= Problem to work on =
Your transcription must include every record word for word and no pictures.

= Data listing =
---+---
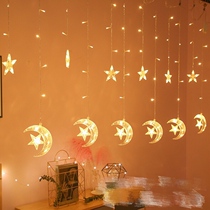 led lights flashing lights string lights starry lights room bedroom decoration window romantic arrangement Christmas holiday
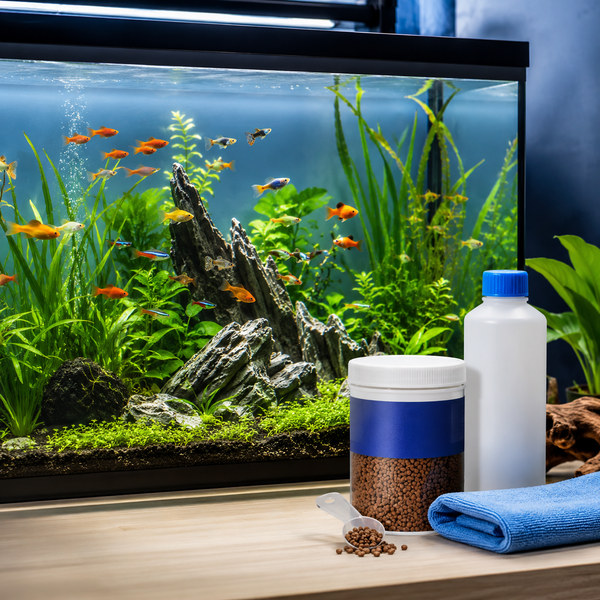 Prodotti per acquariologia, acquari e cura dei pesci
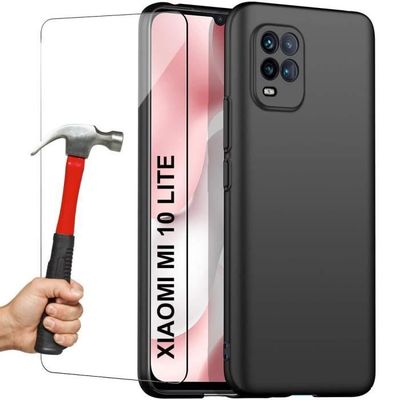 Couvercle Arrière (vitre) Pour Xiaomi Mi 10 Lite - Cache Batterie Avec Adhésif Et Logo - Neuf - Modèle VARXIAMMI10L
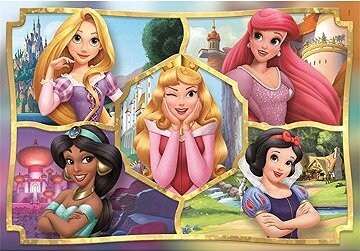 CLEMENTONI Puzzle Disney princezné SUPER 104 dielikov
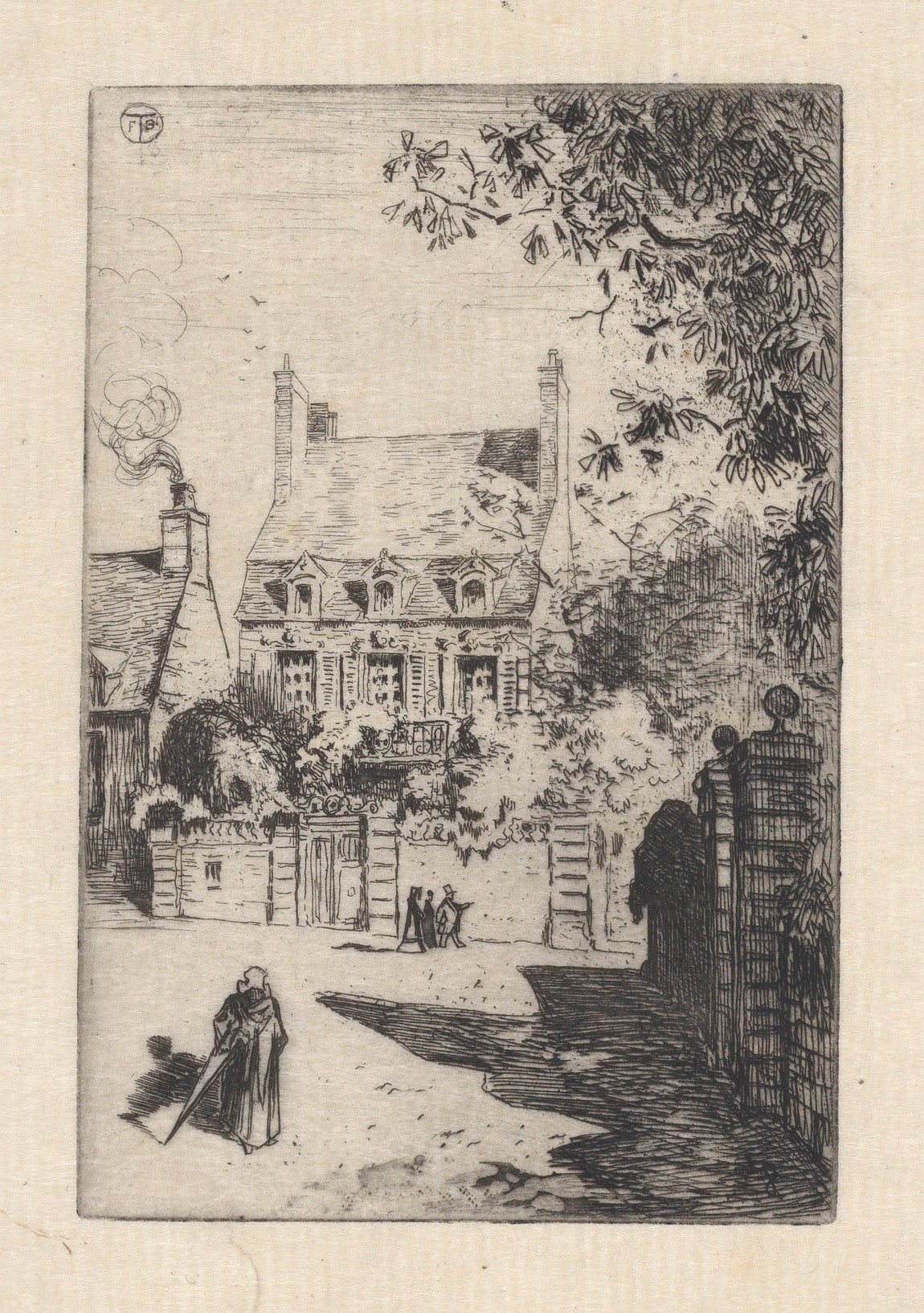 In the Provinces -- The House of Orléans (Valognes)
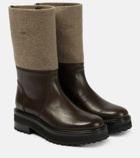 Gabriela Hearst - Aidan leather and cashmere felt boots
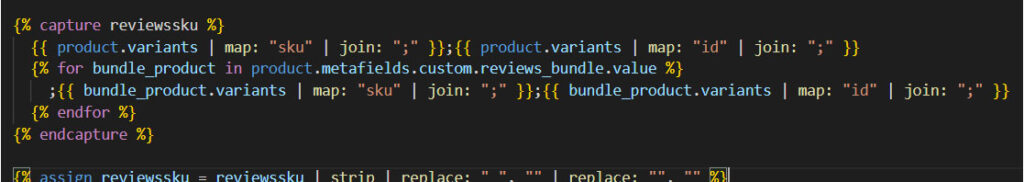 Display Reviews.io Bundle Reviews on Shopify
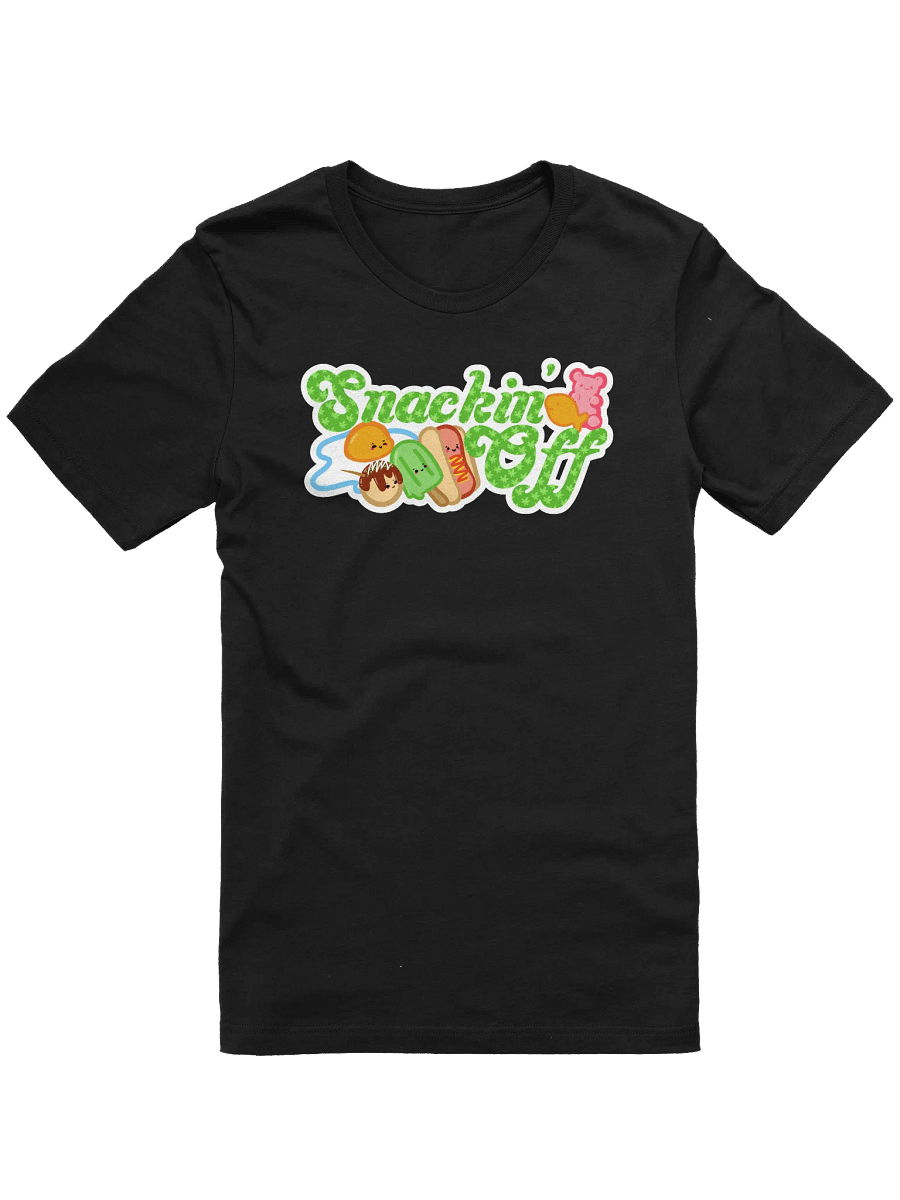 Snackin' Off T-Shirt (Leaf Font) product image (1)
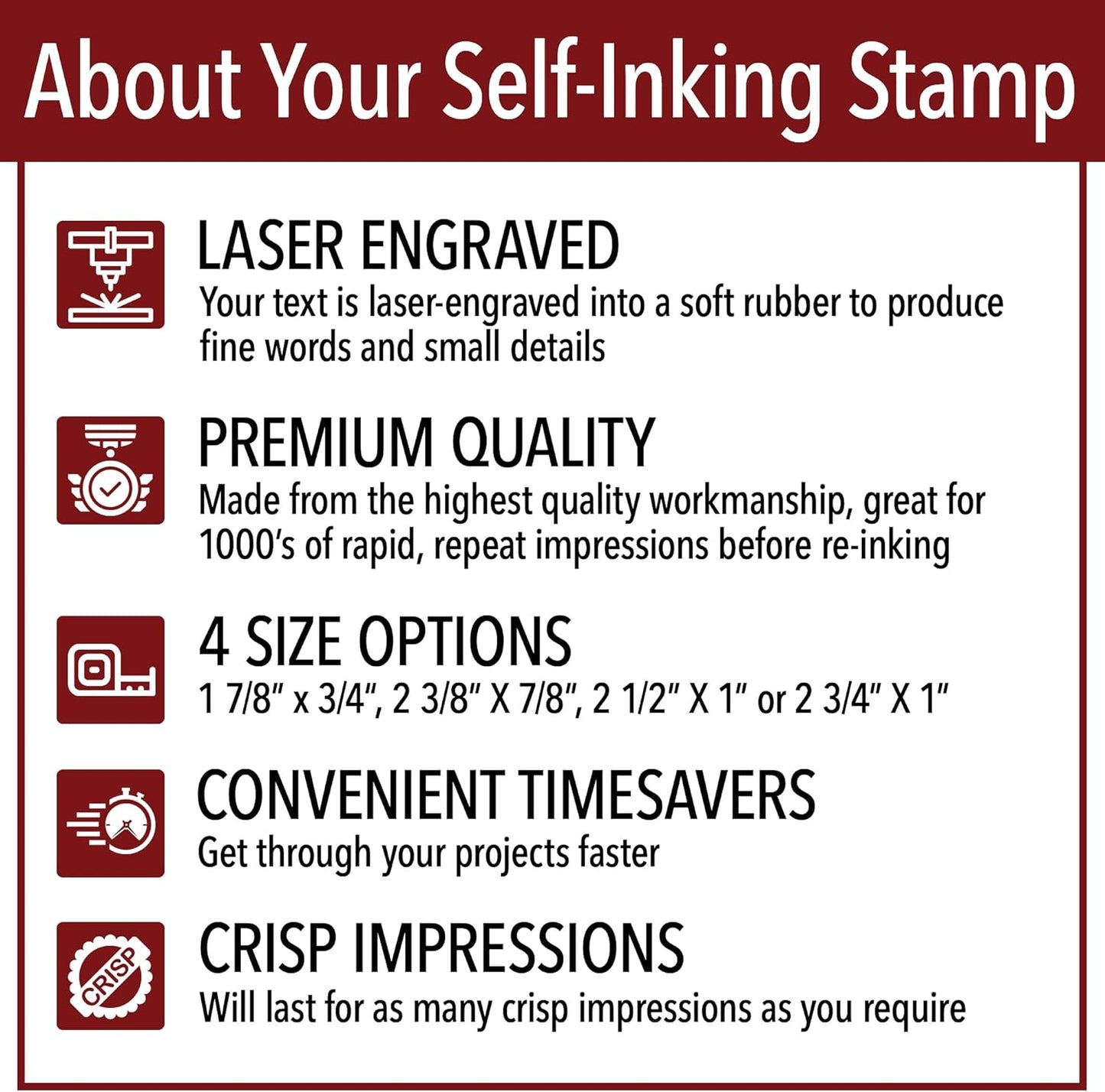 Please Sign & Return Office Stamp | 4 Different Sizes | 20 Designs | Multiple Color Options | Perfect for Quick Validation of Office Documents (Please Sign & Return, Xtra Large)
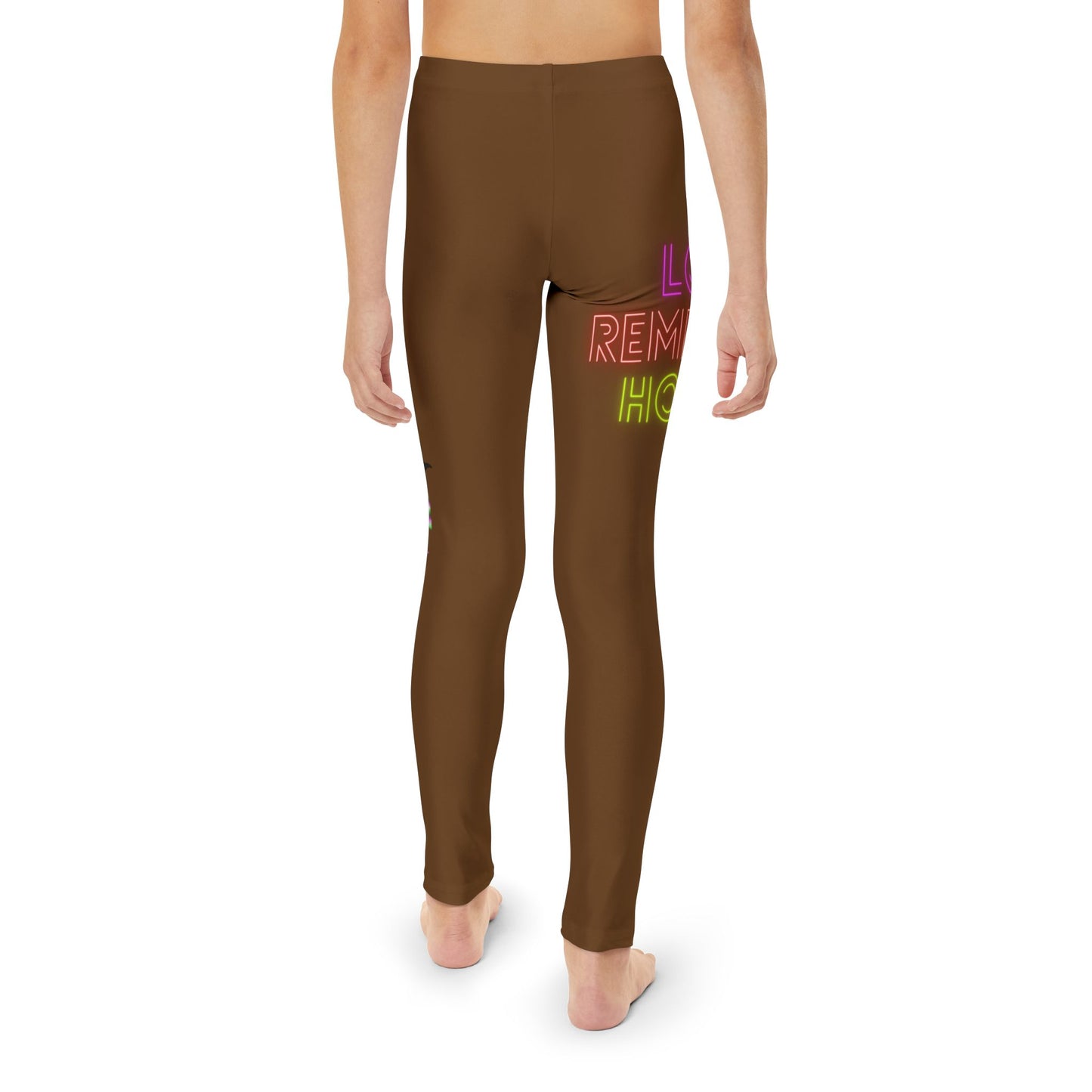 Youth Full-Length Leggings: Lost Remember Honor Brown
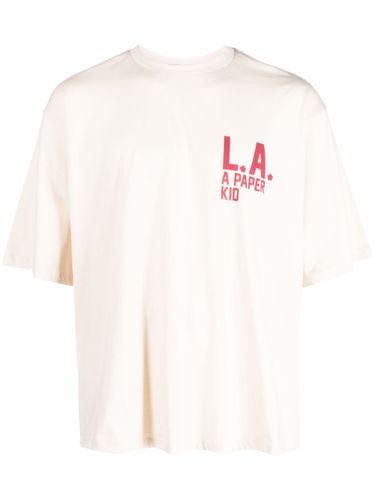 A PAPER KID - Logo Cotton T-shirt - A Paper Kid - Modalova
---+---
= Answer for the task =
 led lights flashing lights string lights starry lights room bedroom decoration window romantic arrangement Christmas holiday
 Prodotti per acquariologia, acquari e cura dei pesci
 Couvercle Arrière (vitre) Pour Xiaomi Mi 10 Lite - Cache Batterie Avec Adhésif Et Logo - Neuf - Modèle VARXIAMMI10L
 CLEMENTONI Puzzle Disney princezné SUPER 104 dielikov
 In the Provinces -- The House of Orléans (Valognes)
 Gabriela Hearst - Aidan leather and cashmere felt boots
 Display Reviews.io Bundle Reviews on Shopify
 Snackin' Off T-Shirt (Leaf Font) product image (1)
 Please Sign & Return Office Stamp | 4 Different Sizes | 20 Designs | Multiple Color Options | Perfect for Quick Validation of Office Documents (Please Sign & Return, Xtra Large)
 Youth Full-Length Leggings: Lost Remember Honor Brown
 A PAPER KID - Logo Cotton T-shirt - A Paper Kid - Modalova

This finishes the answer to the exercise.